Memoryview Benchmarks: Round 2

In [1]:
%load_ext cythonmagic

Inlined Memoryview

In [2]:
%%cython

import numpy as np
cimport numpy as np
cimport cython

@cython.boundscheck(False)
@cython.wraparound(False)
cdef inline double inner_func(double[:, ::1] X):
    return X[0, 0]

def loop_1(int N, switch=True):
    cdef double[:, ::1] X = np.zeros((100, 100))
    cdef int i
    for i in range(N):
        # this should be inlined by the compiler
        inner_func(X)
missing cimport: /home/vanderplas/.config/ipython/cython/_cython_magic_aad7a6b46ed24a8baf2373c6b8784ac3.pyx
cython
In [3]:
timeit loop_1(1E6)
100000 loops, best of 3: 10.1 us per loop

Inlined ndarray

Now we'll repeat, but make a dummy function such that we can guarantee that inner_func will not be inlined

In [4]:
%%cython

import numpy as np
cimport numpy as np
cimport cython

ctypedef double (*inner_func_ptr)(double[:, ::1])

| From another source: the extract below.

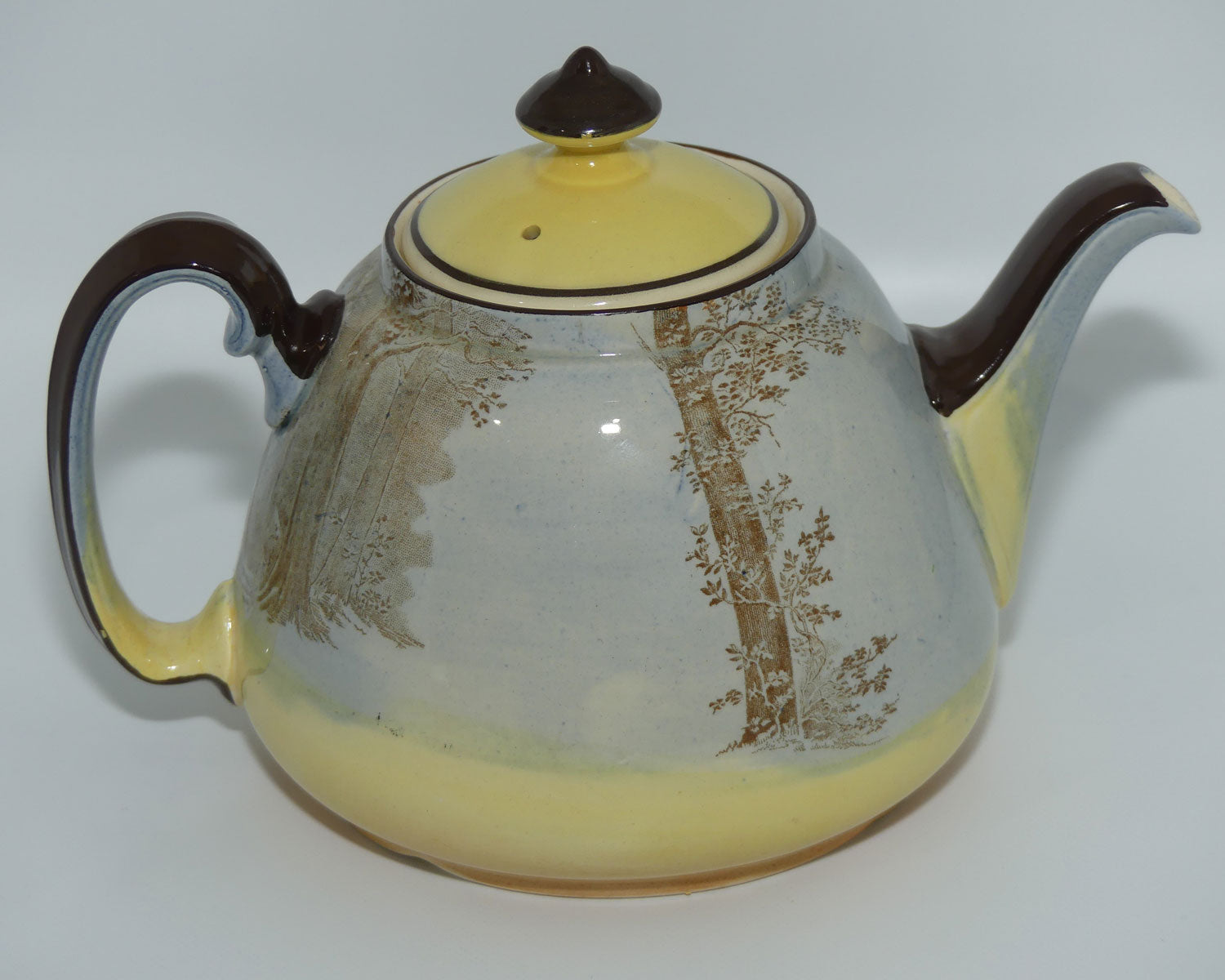 Royal Doulton Shakespearean Hamlet tea pot D3596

@cython.boundscheck(False)
@cython.wraparound(False)
cdef double inner_func_1(double[:, ::1] X):
    return X[0, 0]

@cython.boundscheck(False)
@cython.wraparound(False)
cdef double inner_func_2(double[:, ::1] X):
    return X[0, 0]

def loop_2(int N, switch=True):
    # use a switch to ensure that inlining can't happen: compilers
    # are usually smart enough to figure it out otherwise.
    cdef inner_func_ptr func
    if switch:
        func = inner_func_1
    else:
        func = inner_func_2
        
    cdef double[:, ::1] X = np.zeros((100, 100))
    cdef int i
    for i in range(N):
        func(X)
missing cimport: /home/vanderplas/.config/ipython/cython/_cython_magic_ac4b8923a5786ceee8b7f92131a08998.pyx
cython
In [5]:
%timeit loop_2(1E6)
10 loops, best of 3: 22.9 ms per loop

In this case, inlining improves the computation speed by a factor of 2000!

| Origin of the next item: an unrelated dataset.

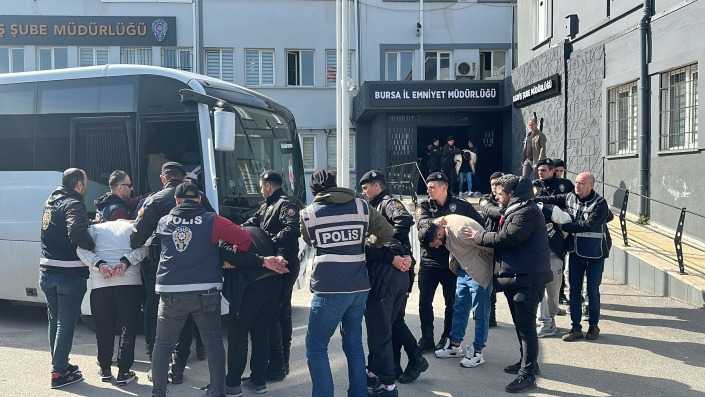 Dünya Kadınlar Günü’nde çökertilen fuhuş çetesi üyeleri, adliyeye sevk edildi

Attempting to inline ndarrays

Here we'll replicate the fast method above, but with a typed numpy array rather than a typed memoryview:

In [6]:
%%cython

import numpy as np
cimport numpy as np
cimport cython

@cython.boundscheck(False)
@cython.wraparound(False)
cdef inline double inner_func(np.ndarray[double, ndim=2, mode='c'] X):
    return X[0, 0]

def loop_3(int N, switch=True):
    cdef np.ndarray[double, ndim=2, mode='c'] X = np.zeros((100, 100))
    cdef int i
    for i in range(N):
        inner_func(X)
missing cimport: /home/vanderplas/.config/ipython/cython/_cython_magic_0523a248c0a6af0427879e879eda0095.pyx
cython
warning: /home/vanderplas/.config/ipython/cython/_cython_magic_0523a248c0a6af0427879e879eda0095.pyx:8:30: Buffer unpacking not optimized away.
warning: /home/vanderplas/.config/ipython/cython/_cython_magic_0523a248c0a6af0427879e879eda0095.pyx:8:30: Buffer unpacking not optimized away.

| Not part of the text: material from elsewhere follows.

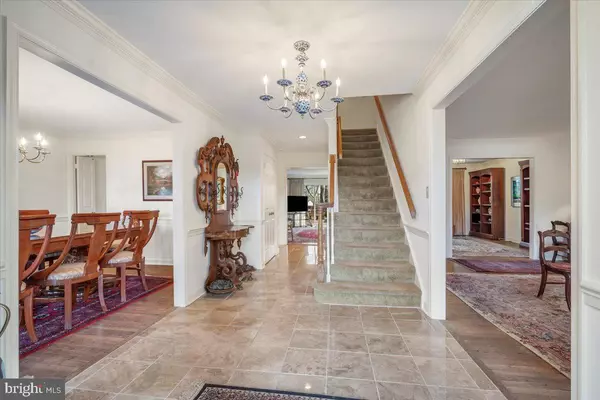 Potomac, MD 20854,2 CANDLELIGHT CT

These warnings indicate a problem: buffer unpacking cannot be optimized for the numpy array dtype. Let's see how this compares to the other implementations:

In [7]:
print "inlined memview:"
%timeit loop_1(1E6)
print "non-inlined memview:"
%timeit loop_2(1E6)
print "inlined ndarray:"
%timeit loop_3(1E6)
inlined memview:
100000 loops, best of 3: 10.1 us per loop
non-inlined memview:
10 loops, best of 3: 22.9 ms per loop
inlined ndarray:
1 loops, best of 3: 617 ms per loop

The result for the ndarray is many times slower than either the inlined or the non-inlined example above!